Well, both would be running continuously in the same process, so
they would negotiate with each other as required.  Dedupe runs first
on new extents to create a plan for increasing extent sharing, then
defrag creates a plan for sufficient logical/physical contiguity of
those extents after dedupe has cut them into content-aligned pieces.
Extents that are entirely duplicate simply disappear and do not form
part of the defrag workload (at least until it is time to defragment
free space...).  Both plans are combined and optimized, then the final
data relocation command sequence is sent to the filesystem.

> > > > Extent splitting in-place is not possible on btrfs, so extent boundary
> > > > changes necessarily involve data copies.  Reference counting is done
> > > > by extent in btrfs, so it is only possible to free complete extents.
> > > 
> > > Great, there is reference counting in btrfs. That helps. Good design.
> > 
> > Well, I say "reference counting" because I'm simplifying for an audience
> > that does not yet all know the low-level details.  The counter, such as
> > it is, gives values "zero" or "more than zero."  You never know exactly
> > how many references there are without doing the work to enumerate them.

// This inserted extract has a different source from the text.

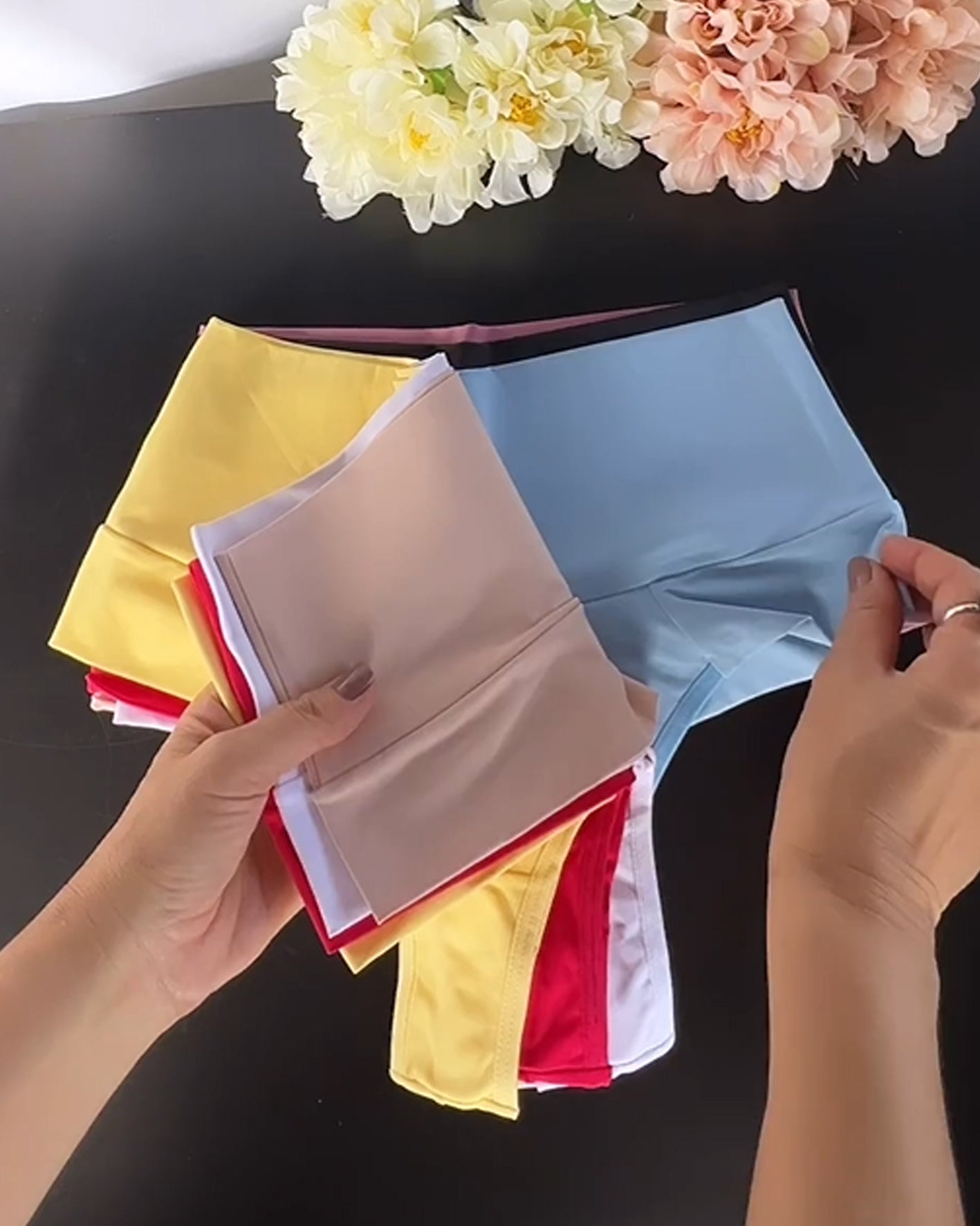 Candy Multicolor Mid-waisted Shaped Panties Underwear Breifs  - By Qivii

> > The "is extent unique" function in btrfs runs the enumeration loop until
> > the second reference is found or the supply of references is exhausted,
> > whichever comes first.  It's a tradeoff to make snapshots fast.
> 
> Well, that's a disappointment.
> 
> > When a reference is created to a new extent, it refers to the entire
> > extent.  References can refer to parts of extents (the reference has an
> > offset and length field), so when an extent is partially overwritten, the
> > extent is not modified.  Only the reference is modified, to make it refer
> > to a subset of the extent (references in other snapshots are not changed,
> > and the extent data itself is immutable).  This makes POSIX fast, but it
> > creates some headaches related to garbage collection, dedupe, defrag, etc.
> 
> Ok, got it. Thaks.
> 
> 
> 
>